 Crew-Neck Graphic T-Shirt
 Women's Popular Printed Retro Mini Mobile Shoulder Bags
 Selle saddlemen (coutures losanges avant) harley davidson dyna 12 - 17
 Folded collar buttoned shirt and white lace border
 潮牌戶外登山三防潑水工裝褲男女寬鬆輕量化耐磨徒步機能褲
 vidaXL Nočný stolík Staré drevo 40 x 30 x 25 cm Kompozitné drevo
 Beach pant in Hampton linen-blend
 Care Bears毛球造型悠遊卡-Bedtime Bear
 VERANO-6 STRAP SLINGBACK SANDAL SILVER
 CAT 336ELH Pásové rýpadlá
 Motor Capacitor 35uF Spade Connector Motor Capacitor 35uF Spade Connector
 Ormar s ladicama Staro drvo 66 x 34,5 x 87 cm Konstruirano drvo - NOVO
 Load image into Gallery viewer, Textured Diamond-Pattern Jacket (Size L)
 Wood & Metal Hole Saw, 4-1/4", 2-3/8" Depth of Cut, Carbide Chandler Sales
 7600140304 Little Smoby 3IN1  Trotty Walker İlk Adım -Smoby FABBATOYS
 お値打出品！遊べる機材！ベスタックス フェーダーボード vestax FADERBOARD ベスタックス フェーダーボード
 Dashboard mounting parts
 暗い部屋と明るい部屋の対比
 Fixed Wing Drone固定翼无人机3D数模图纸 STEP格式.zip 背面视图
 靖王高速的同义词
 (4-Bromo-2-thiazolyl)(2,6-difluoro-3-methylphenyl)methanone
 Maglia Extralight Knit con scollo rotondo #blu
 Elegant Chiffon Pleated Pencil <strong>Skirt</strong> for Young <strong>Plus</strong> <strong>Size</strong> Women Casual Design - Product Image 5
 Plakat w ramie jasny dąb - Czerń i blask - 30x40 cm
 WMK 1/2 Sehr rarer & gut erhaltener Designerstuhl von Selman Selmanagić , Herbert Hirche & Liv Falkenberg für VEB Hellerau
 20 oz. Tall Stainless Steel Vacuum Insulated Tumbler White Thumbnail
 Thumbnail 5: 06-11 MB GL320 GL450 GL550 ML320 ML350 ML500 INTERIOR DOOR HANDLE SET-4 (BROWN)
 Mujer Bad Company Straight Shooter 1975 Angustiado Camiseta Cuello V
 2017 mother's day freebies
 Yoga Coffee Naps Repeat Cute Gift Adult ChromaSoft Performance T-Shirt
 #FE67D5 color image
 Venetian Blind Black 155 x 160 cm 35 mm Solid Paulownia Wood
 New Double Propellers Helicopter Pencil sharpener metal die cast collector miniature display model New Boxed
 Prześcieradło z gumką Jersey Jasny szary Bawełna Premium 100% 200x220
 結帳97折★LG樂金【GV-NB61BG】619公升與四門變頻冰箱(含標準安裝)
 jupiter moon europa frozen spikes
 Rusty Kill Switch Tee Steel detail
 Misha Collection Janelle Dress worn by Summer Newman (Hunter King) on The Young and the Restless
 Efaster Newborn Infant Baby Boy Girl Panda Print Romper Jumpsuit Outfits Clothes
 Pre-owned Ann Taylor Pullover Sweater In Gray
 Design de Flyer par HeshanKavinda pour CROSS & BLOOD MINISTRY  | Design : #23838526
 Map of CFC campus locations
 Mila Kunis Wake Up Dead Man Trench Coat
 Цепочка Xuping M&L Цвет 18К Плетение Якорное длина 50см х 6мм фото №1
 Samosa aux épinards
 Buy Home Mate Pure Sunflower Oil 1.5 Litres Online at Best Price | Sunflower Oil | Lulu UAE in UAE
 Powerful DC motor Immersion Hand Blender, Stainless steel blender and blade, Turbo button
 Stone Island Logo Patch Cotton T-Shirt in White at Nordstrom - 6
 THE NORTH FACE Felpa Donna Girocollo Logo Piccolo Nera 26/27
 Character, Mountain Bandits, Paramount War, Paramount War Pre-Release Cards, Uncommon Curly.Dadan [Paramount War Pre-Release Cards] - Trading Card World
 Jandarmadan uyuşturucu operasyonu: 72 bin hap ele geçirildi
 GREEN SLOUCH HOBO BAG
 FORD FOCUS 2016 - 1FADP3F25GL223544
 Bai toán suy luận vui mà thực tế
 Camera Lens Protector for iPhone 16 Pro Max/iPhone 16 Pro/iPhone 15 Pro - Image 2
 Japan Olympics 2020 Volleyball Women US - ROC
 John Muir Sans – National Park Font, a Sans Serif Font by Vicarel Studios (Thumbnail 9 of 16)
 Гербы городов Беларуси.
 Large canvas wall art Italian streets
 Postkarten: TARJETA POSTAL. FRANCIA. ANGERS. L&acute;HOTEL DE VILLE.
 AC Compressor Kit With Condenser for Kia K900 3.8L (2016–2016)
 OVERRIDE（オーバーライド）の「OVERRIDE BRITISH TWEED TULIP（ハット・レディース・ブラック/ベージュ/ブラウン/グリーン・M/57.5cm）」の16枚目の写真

## WHAT YOU SHOULD DO
The listing above has to be written out again in full, exactly as shown.

## SOLUTION
 Crew-Neck Graphic T-Shirt
 Women's Popular Printed Retro Mini Mobile Shoulder Bags
 Selle saddlemen (coutures losanges avant) harley davidson dyna 12 - 17
 Folded collar buttoned shirt and white lace border
 潮牌戶外登山三防潑水工裝褲男女寬鬆輕量化耐磨徒步機能褲
 vidaXL Nočný stolík Staré drevo 40 x 30 x 25 cm Kompozitné drevo
 Beach pant in Hampton linen-blend
 Care Bears毛球造型悠遊卡-Bedtime Bear
 VERANO-6 STRAP SLINGBACK SANDAL SILVER
 CAT 336ELH Pásové rýpadlá
 Motor Capacitor 35uF Spade Connector Motor Capacitor 35uF Spade Connector
 Ormar s ladicama Staro drvo 66 x 34,5 x 87 cm Konstruirano drvo - NOVO
 Load image into Gallery viewer, Textured Diamond-Pattern Jacket (Size L)
 Wood & Metal Hole Saw, 4-1/4", 2-3/8" Depth of Cut, Carbide Chandler Sales
 7600140304 Little Smoby 3IN1  Trotty Walker İlk Adım -Smoby FABBATOYS
 お値打出品！遊べる機材！ベスタックス フェーダーボード vestax FADERBOARD ベスタックス フェーダーボード
 Dashboard mounting parts
 暗い部屋と明るい部屋の対比
 Fixed Wing Drone固定翼无人机3D数模图纸 STEP格式.zip 背面视图
 靖王高速的同义词
 (4-Bromo-2-thiazolyl)(2,6-difluoro-3-methylphenyl)methanone
 Maglia Extralight Knit con scollo rotondo #blu
 Elegant Chiffon Pleated Pencil <strong>Skirt</strong> for Young <strong>Plus</strong> <strong>Size</strong> Women Casual Design - Product Image 5
 Plakat w ramie jasny dąb - Czerń i blask - 30x40 cm
 WMK 1/2 Sehr rarer & gut erhaltener Designerstuhl von Selman Selmanagić , Herbert Hirche & Liv Falkenberg für VEB Hellerau
 20 oz. Tall Stainless Steel Vacuum Insulated Tumbler White Thumbnail
 Thumbnail 5: 06-11 MB GL320 GL450 GL550 ML320 ML350 ML500 INTERIOR DOOR HANDLE SET-4 (BROWN)
 Mujer Bad Company Straight Shooter 1975 Angustiado Camiseta Cuello V
 2017 mother's day freebies
 Yoga Coffee Naps Repeat Cute Gift Adult ChromaSoft Performance T-Shirt
 #FE67D5 color image
 Venetian Blind Black 155 x 160 cm 35 mm Solid Paulownia Wood
 New Double Propellers Helicopter Pencil sharpener metal die cast collector miniature display model New Boxed
 Prześcieradło z gumką Jersey Jasny szary Bawełna Premium 100% 200x220
 結帳97折★LG樂金【GV-NB61BG】619公升與四門變頻冰箱(含標準安裝)
 jupiter moon europa frozen spikes
 Rusty Kill Switch Tee Steel detail
 Misha Collection Janelle Dress worn by Summer Newman (Hunter King) on The Young and the Restless
 Efaster Newborn Infant Baby Boy Girl Panda Print Romper Jumpsuit Outfits Clothes
 Pre-owned Ann Taylor Pullover Sweater In Gray
 Design de Flyer par HeshanKavinda pour CROSS & BLOOD MINISTRY  | Design : #23838526
 Map of CFC campus locations
 Mila Kunis Wake Up Dead Man Trench Coat
 Цепочка Xuping M&L Цвет 18К Плетение Якорное длина 50см х 6мм фото №1
 Samosa aux épinards
 Buy Home Mate Pure Sunflower Oil 1.5 Litres Online at Best Price | Sunflower Oil | Lulu UAE in UAE
 Powerful DC motor Immersion Hand Blender, Stainless steel blender and blade, Turbo button
 Stone Island Logo Patch Cotton T-Shirt in White at Nordstrom - 6
 THE NORTH FACE Felpa Donna Girocollo Logo Piccolo Nera 26/27
 Character, Mountain Bandits, Paramount War, Paramount War Pre-Release Cards, Uncommon Curly.Dadan [Paramount War Pre-Release Cards] - Trading Card World
 Jandarmadan uyuşturucu operasyonu: 72 bin hap ele geçirildi
 GREEN SLOUCH HOBO BAG
 FORD FOCUS 2016 - 1FADP3F25GL223544
 Bai toán suy luận vui mà thực tế
 Camera Lens Protector for iPhone 16 Pro Max/iPhone 16 Pro/iPhone 15 Pro - Image 2
 Japan Olympics 2020 Volleyball Women US - ROC
 John Muir Sans – National Park Font, a Sans Serif Font by Vicarel Studios (Thumbnail 9 of 16)
 Гербы городов Беларуси.
 Large canvas wall art Italian streets
 Postkarten: TARJETA POSTAL. FRANCIA. ANGERS. L&acute;HOTEL DE VILLE.
 AC Compressor Kit With Condenser for Kia K900 3.8L (2016–2016)
 OVERRIDE（オーバーライド）の「OVERRIDE BRITISH TWEED TULIP（ハット・レディース・ブラック/ベージュ/ブラウン/グリーン・M/57.5cm）」の16枚目の写真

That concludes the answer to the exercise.